These are just pretty words about the interpretation of the antiparticle; these sentences are just a prose describing formal interpretation of the antiparticle (creation) operator as the one in the front of the "going backward in time" plane wave $e^{-ip^{\mu}x_{\mu}}$ in the expansion of the quantum field $\psi$ to which the particle and antiparticle correspond.

In reality, the antiparticle exists as well as its own particle, and no "travel backward in time" for its observation is needed. It only differs from the particle by the signs of all of the possible charges. And it definitely can be observed by various experiments; for example, in the proton beta decay we can observe the positron - the antiparticle to the electron. Moreover, the existence of antiparticle is in fact strictly required by the Lorentz invariance of the quantum theory.

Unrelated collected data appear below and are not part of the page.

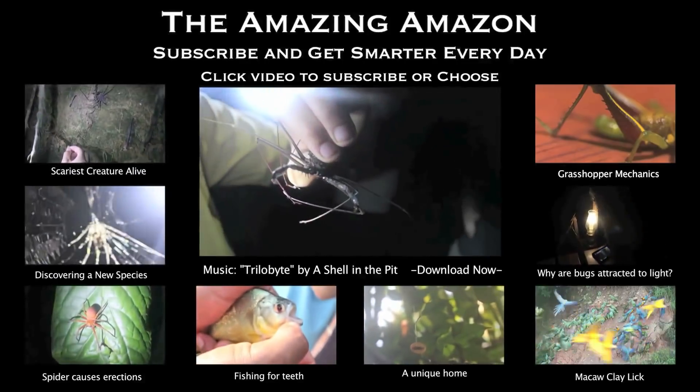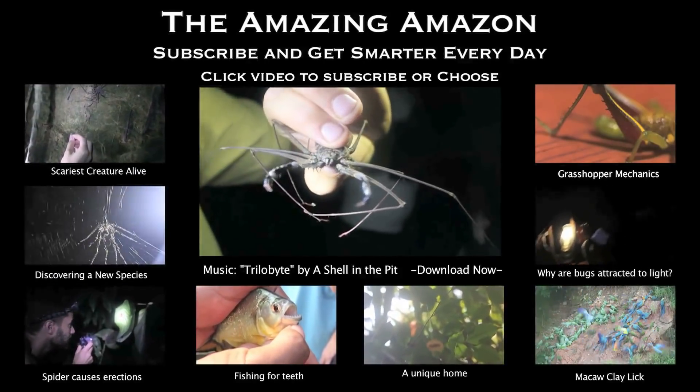It's a scorpion without a tail. Oh man, it's stinging me a little bit. That is the ugliest beast I've ever seen.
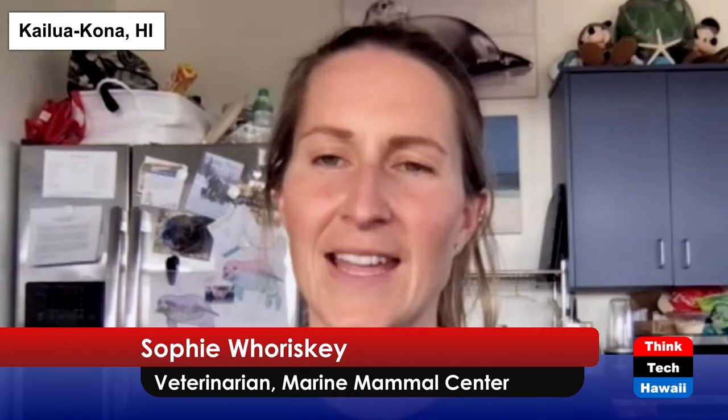So let's get into it. What kind of work does the Pacific Marine Mammal Center do? The Marine Mammal Center operates the largest marine mammal rehabilitation hospital in the world. We're primarily located in California, but we do have a facility here on the Big Island of Hawaii as well. We have over 40 years of experience now in caring for a variety of marine mammal species.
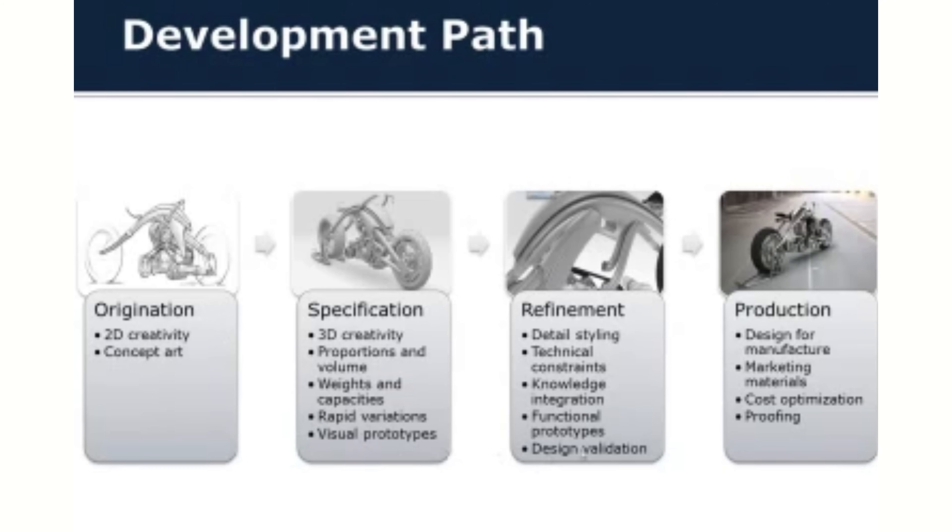This is really where the CAD system is going to thrive — getting you from that concept art into a more specified product design. Still a lot of creativity, but in 3D. You need to start developing proportions, how much volume something takes up, what are your weights, do you have any capacities for containers or other appliances. Lots of rapid variations, exploring your favorite concepts more deeply, and getting into prototypes — digital prototypes, printing parts, or sending things to model makers — really zeroing in on a couple of primary paths.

"...Usually I am all about the math and don't bother too much about physical pictures, but in this case the commutator 'explanation' really settles nothing in my mind..."

The heart of this "commutator derivation" is the requirement that two measurements, which have been done at space-like separated points, doesn't affect each other; by the other words, two measurements at space-like separated points can be done simultaneously and independently on each other. This is just the precise statement of the causality principle, and this is very physical.

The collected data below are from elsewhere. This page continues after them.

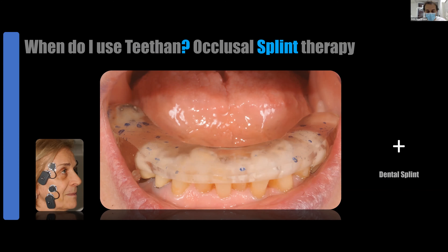Occlusal splint therapy is a very good way to learn more about this device. If you have a splint, you can change the situation immediately. When I have a patient with a splint, I use TITAN at the beginning of the visit — not at the end — because the patient is not yet tired. I prefer to use TITAN at the beginning of my appointment because the muscles are in a neutral state at that moment.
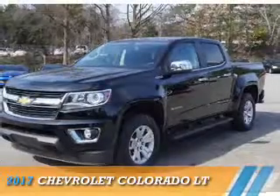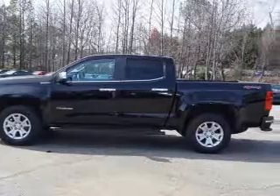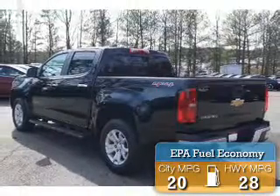Presenting the 2017 Chevrolet Colorado. It's powered by four-wheel drive, a four-cylinder engine, and an automatic transmission. Great fuel efficiency saves you money by requiring fewer trips to the gas station.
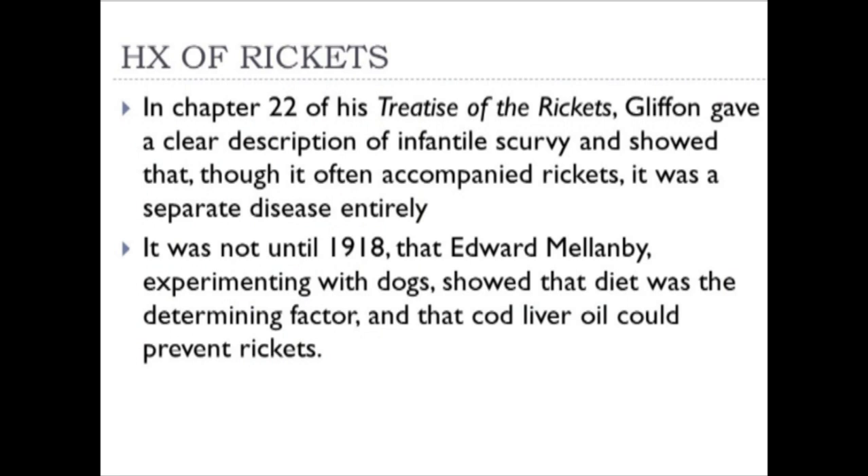In chapter 22 of his treatise on rickets, Glisson gave a clear description of infantile scurvy and showed it was a separate disease. It wasn't until 1918 that Edward Mellanby, experimenting with dogs, showed that diet was the determining factor and that cod liver oil could prevent rickets. This dietary research was going on simultaneously as other researchers investigated the role of sunlight in healing and preventing rickets—two separate mechanisms for prevention.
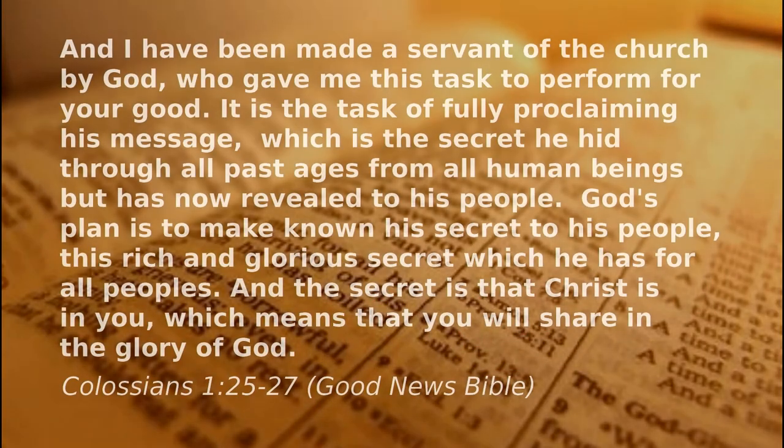Here's a bit more about God's secrets revealed - Paul speaking again: "I have been made a servant of the church by God who gave me this task to perform for your good. It is the task of fully proclaiming his message, which is the secret he hid through all past ages from all human beings but is now revealed to his people. God's plan is to make known his secret to his people - this rich and glorious secret which he has for all peoples. And the secret is that Christ is in you, which means that you will share in the glory of God." People have discovered down the centuries that it's absolutely true that Jesus can be known in a very personal way. It's not for a favoured sort of person - it's available to anyone and everyone, whoever they are or whatever they've done. And if you're listening to this and you don't know Jesus, then it can be you too.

The "commutator derivation" and, in its turn, the causality principle, actually follows from the poincare invariance of the quantum theory. The statement follows from the definition of $S$-operator, which gives the amplitude of the transition $|\alpha\rangle \to |\beta\rangle$ between the states $\alpha$ and $\beta$: $$ \hat{S} \equiv \sum_{i = 0}^{\infty}\frac{(-i)^{n}}{n!}\int d^{4}x_{1}...d^{4}x_{n}\hat{T}(\hat{H}_{\text{int}}(x_{1})...\hat{H}_{\text{int}}(x_{n})) $$ Here $\hat{T}$ is the chronological ordering and $\hat{H}_{\text{int}}(x)$ is the hamiltonian operator. It's not hard to realize that the poincare invariance of the $S$-operator leads to the fact that $$ \tag 1 [\hat{H}_{\text{int}}(x),\hat{H}_{\text{int}}(y)] = 0 \quad \text{if} \quad (x-y)^{2}<0 $$ The reason is just the fact that the chronological ordering for two points $x^{\mu}, y^{\mu}$ is poincare invariant only in the case of time-like or isotropic intervals. In the case of space-like intervals, it is not poincare invariant, and we must require $(1)$.

"...Despite Quantum field theories(the relativistic kind) incorporating special relativity, the picture we have of it involves particles going faster than light?.."

Definitely no. The formalism of the QFT is in particular based on the unitarity and existence of the stable vacuum. As long as tachyons are present in the theory, none of these principles is fulfilled.